Then, when the Park Service started buying property at the site in 1995, the city and the agency agreed that every effort would made to relocate the structures from that site for use as housing elsewhere, said City Attorney Walter Brown.

&uot;But that hasn’t gone swiftly, so the government is suggesting, and we’re concurring, that rather than relocating&uot; the property, the plan should be amended, Brown said.

The Historic Natchez Foundation has already signed off on the plan, and the amended agreement has also been sent to the state historic preservation officer for his approval, Whisenant said.

The agreement will then be sent to a federal advisory council for its OK. After that, the Park Service can put structures up for demolition, although Whisenant said no timetable has yet been finalized for the project.

The Park Service’s original plan called for the Canal Street site to be developed as a picnic area and green space with interpretive exhibits about Fort Rosalie.

However, since the plan was developed several years ago, the agency may hold new hearings to get input on what the public would like to see at the site, Whisenant said.

In addition, archeologists would be called in to check the site for artifacts of the area’s French and Spanish eras.

In other business, aldermen also voted to declare the Forks of the Road a local landmark.

The site at Liberty Road and St.
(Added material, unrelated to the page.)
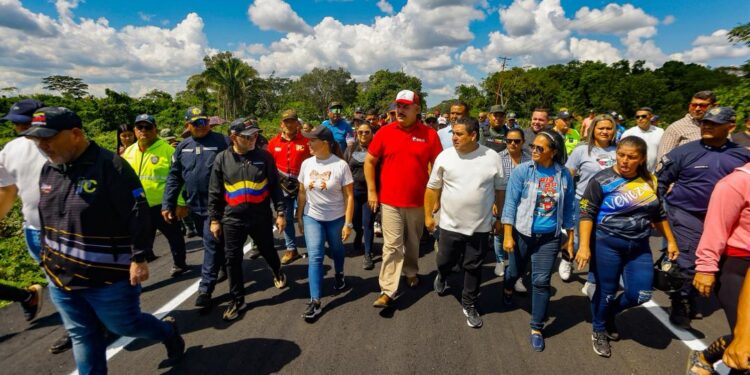 Gobernador Caldera entrega rehabilitado Puente El Sitio del municipio Baralt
Catherine Street, the location of a 19th-century slave market, already has a state historical marker.

Concerned citizens and local governments have also pushed for the National Park Service to erect an interpretive center on the property.

And earlier this summer, the City of Natchez received a check for $130,000 from the state Department of Archives and History to buy the site and place signs there.

The state actually awarded Natchez a $200,000 grant in February 2001 to buy the land, but negotiations tied the parcels up until two of them were sold to the city in January.

Meanwhile, the Board of Archives and History agreed to pay $92,000 to cover the cost of two parcels but, in January, upped that amount to $115,000.

That was enough to also partially reimburse the city for appraisals on the land and pay for signage the site, according to Brown.

However, the $130,000 is enough for the land, the signs and the full cost of the appraisals, city officials have said.

Also during Tuesday’s Board of Aldermen meeting, aldermen voted to declare the old Britton & Koontz First National Bank on Main Street surplus property. The building is now not being used.